**Scraped caption text data**
+===+
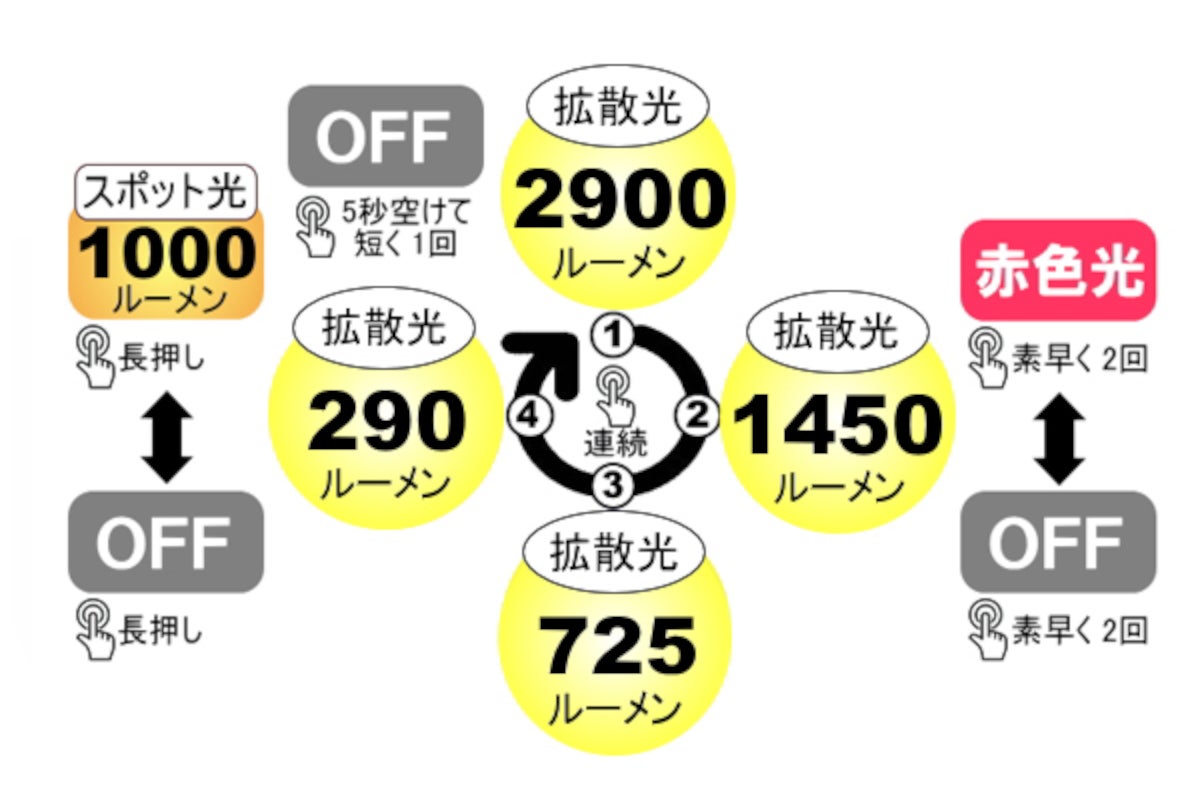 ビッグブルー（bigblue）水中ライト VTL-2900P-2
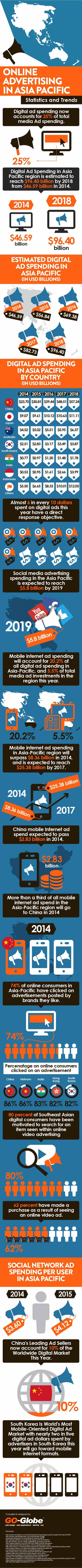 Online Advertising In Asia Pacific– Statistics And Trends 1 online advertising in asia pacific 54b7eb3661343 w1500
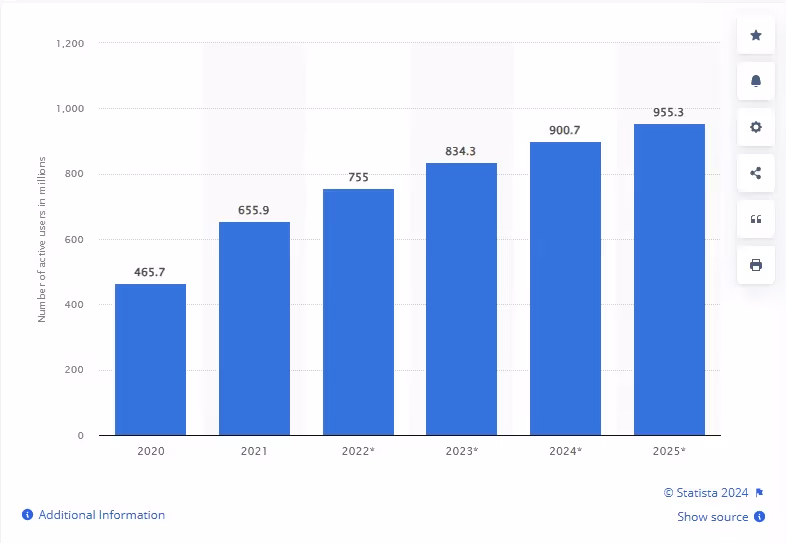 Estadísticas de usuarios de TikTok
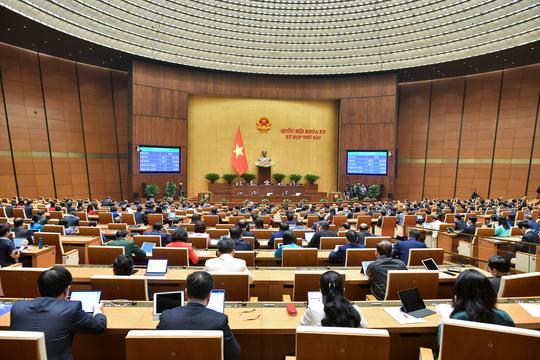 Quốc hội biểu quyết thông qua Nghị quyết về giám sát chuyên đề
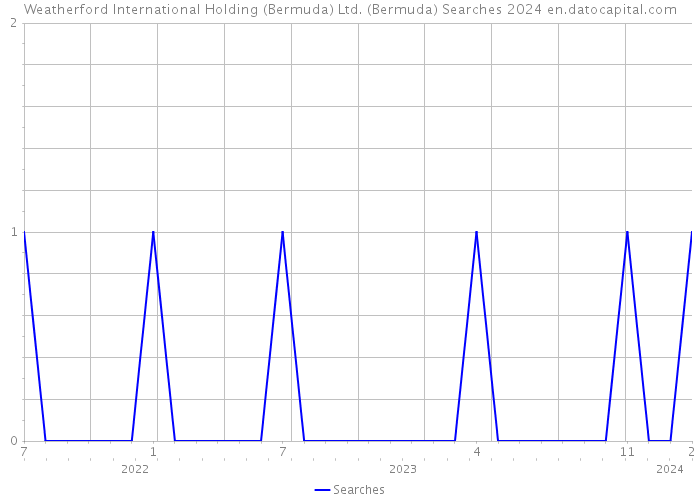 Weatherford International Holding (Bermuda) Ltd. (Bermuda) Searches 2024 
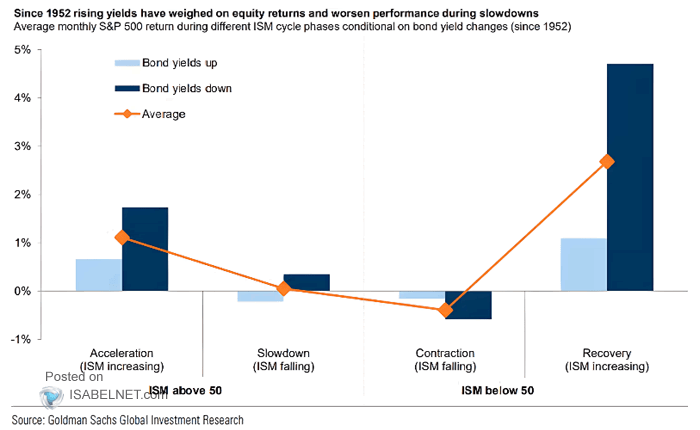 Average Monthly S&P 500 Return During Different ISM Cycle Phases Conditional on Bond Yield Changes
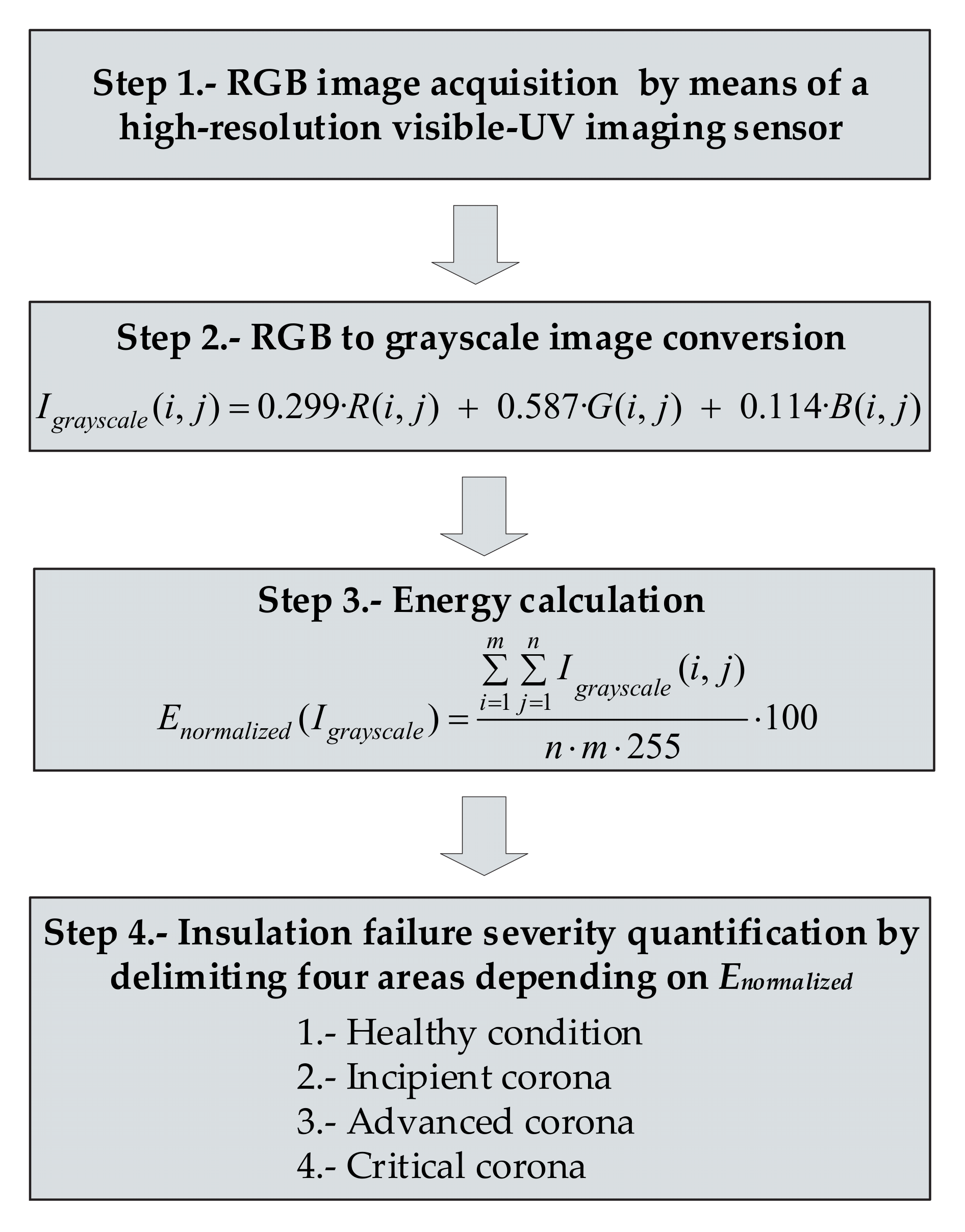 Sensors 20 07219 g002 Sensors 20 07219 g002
+===+
**What the exercise asks**
In the data above, please extract the lines from the first one through the line with "Weatherford International Holding", exactly, and keep pictures out.

**Your response**
 ビッグブルー（bigblue）水中ライト VTL-2900P-2
 Online Advertising In Asia Pacific– Statistics And Trends 1 online advertising in asia pacific 54b7eb3661343 w1500
 Estadísticas de usuarios de TikTok
 Quốc hội biểu quyết thông qua Nghị quyết về giám sát chuyên đề
 Weatherford International Holding (Bermuda) Ltd. (Bermuda) Searches 2024 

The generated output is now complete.